A ce stade, on pourrait se croire bloqués avec un avis pouvant pencher d’un côté comme de l’autre. Il est donc important de revenir à une scène, celle de l’aumônier. Elle est capitale. Poussé dans ses retranchements, Meursault a peur chaque nuit de mourir. Il n’en dort plus et la visite de l’homme d’Eglise l’appelant « mon fils » en est la goutte de trop. « Moi, j’avais l’air d’avoir les mains vides. Mais j’étais sûr de moi, sûr de tout, plus sûr que lui, sûr de ma vie et cette mort qui allait venir ». Du grand art et du grand Camus. Toute l’absurdité de notre vie, sa vacuité, sa finalité sans doute sont aussi éclatantes que le soleil algérois. Il se refuse à la religion tout comme au système juridique visant plus la culpabilisation que la justice en tant que telle. Peu lui importe, tout n’est qu’un jeu à somme nulle et devoir participer à un système aussi vain lui est insupportable. Camus l’appellera « le seul Christ que nous méritions ». A peine l’aumônier parti pleurant, que le calme revient. Il s’apaise et pense à sa mère. « Si près de la mort, maman devait s’y être sentie libérée et prête à tout revivre ». Ce passage est fantastique. Tel Sisyphe libéré de son rocher, j’y vois la fin de l’absurdité selon Camus mais aussi le symbole de l’essentiel avec « l’enfant à l’aube de sa vie » pensant à sa mère, trace que la vie n’est pas qu’absurdité non plus. Il s’agit de la parfaite ambivalence, juste avant que notre étranger n’ait la tête tranchée.
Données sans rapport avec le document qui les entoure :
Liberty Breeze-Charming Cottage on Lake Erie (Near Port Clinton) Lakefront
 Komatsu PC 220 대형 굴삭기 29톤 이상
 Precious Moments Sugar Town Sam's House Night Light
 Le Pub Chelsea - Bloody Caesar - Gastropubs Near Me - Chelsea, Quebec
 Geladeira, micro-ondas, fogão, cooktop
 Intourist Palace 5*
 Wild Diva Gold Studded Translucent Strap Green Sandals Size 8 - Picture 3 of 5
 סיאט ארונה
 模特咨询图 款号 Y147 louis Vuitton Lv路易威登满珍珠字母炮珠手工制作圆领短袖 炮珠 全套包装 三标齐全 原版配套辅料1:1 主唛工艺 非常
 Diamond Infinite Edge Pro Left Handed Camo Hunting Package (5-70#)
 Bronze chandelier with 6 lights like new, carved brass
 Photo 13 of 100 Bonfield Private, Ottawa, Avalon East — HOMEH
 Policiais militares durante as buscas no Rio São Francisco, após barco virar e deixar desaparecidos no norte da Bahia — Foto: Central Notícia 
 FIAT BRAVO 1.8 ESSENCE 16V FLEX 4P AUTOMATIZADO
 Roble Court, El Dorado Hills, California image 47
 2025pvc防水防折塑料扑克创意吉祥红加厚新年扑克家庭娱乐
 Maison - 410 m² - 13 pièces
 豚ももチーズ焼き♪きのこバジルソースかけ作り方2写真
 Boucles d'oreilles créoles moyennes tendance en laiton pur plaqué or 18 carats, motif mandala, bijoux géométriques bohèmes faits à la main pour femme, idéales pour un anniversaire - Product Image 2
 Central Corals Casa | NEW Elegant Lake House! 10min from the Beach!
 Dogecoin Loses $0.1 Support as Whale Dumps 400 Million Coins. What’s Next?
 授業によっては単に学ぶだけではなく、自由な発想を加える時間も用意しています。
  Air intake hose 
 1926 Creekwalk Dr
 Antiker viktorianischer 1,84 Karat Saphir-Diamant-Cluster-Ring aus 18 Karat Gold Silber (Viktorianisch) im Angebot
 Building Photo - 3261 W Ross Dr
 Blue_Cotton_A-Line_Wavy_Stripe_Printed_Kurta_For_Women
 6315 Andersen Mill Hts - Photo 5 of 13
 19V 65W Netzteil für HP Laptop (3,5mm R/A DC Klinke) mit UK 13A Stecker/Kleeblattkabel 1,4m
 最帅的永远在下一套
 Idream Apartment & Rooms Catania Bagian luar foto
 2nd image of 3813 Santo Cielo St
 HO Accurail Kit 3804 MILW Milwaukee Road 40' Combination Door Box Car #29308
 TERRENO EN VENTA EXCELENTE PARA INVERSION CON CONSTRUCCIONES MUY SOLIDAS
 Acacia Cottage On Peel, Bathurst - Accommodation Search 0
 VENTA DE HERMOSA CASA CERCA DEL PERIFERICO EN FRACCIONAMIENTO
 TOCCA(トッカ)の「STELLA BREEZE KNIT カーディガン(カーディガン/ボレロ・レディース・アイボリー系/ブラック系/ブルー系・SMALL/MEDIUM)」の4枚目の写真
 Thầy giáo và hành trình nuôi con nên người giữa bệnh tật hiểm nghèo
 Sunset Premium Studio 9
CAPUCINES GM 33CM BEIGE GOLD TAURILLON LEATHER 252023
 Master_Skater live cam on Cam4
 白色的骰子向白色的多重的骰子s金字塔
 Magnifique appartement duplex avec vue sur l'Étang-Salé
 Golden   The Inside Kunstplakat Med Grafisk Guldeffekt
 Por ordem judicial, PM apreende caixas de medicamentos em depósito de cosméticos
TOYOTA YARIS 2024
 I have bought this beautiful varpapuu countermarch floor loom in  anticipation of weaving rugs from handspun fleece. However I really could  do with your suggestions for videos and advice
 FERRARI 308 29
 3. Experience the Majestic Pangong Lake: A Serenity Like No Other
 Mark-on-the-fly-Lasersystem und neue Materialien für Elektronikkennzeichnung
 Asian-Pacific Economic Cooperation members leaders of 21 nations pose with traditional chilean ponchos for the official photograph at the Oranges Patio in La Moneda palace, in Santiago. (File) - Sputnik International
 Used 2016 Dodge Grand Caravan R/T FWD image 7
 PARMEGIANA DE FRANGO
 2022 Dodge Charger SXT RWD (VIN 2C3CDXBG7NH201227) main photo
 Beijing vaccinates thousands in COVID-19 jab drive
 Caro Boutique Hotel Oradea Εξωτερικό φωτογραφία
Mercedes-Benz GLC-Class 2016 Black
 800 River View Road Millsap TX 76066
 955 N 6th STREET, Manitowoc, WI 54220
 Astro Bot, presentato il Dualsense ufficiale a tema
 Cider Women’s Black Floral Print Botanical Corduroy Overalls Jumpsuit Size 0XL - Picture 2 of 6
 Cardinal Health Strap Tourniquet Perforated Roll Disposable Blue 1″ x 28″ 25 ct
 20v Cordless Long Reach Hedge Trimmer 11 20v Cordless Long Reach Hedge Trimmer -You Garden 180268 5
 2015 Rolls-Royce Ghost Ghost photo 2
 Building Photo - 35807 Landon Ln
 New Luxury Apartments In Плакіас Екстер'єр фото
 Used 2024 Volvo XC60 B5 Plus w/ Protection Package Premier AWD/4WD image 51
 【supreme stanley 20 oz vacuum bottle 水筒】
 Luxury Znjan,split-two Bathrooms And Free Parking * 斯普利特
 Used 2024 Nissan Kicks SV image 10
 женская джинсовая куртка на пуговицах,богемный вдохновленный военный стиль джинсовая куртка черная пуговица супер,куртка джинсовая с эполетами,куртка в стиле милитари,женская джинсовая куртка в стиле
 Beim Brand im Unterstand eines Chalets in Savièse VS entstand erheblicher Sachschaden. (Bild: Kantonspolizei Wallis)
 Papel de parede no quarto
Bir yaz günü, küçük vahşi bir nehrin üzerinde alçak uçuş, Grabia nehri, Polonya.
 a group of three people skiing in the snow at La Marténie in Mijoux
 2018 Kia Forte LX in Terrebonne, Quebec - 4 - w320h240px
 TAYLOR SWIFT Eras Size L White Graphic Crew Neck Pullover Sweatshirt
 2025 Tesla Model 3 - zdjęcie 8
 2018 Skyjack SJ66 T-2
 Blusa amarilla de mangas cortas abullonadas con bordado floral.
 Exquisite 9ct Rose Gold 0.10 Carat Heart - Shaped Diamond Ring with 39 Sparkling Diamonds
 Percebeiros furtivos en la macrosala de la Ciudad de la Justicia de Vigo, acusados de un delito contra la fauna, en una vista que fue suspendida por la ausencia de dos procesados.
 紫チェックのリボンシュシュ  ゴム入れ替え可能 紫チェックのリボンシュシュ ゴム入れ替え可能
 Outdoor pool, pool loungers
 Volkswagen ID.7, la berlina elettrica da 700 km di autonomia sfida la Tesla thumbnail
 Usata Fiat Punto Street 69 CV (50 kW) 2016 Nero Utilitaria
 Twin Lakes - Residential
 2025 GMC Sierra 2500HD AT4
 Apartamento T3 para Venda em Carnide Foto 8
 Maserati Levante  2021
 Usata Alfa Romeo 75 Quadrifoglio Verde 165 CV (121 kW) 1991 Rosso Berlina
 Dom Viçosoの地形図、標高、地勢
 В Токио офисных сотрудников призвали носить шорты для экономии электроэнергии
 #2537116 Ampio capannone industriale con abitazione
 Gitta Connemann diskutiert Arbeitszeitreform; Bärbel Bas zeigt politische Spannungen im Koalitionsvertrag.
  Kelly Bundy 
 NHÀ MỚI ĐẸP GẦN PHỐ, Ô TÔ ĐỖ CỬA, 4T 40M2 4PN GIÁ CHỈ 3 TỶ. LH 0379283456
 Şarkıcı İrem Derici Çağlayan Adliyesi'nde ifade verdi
Je pense finalement que l’Etranger est le genre d’œuvre à part entière dont il est impossible d’obtenir « l’ » interprétation à l’image du film « Solaris » d’Andrei Tarkovski pour ne citer que lui. Il est important de percevoir l’absurdité présente dans les évènements du monde tout en ne s’en séparant pas complètement non plus. Savoir relativiser est essentiel. Je sais que je vais devoir aller plus loin dans la littérature de Camus. J’aime aussi le fait d’avoir, selon mon interprétation, pu apercevoir au milieu de l’océan absurde, une petite ile étrangère et essentialiste. C’est un sentiment étrange car je sais avoir besoin d’y croire et pourtant j’en suis intimement persuadé tout comme je suis sûr qu’il y a une part d’humanité étrangère en chacun de nous.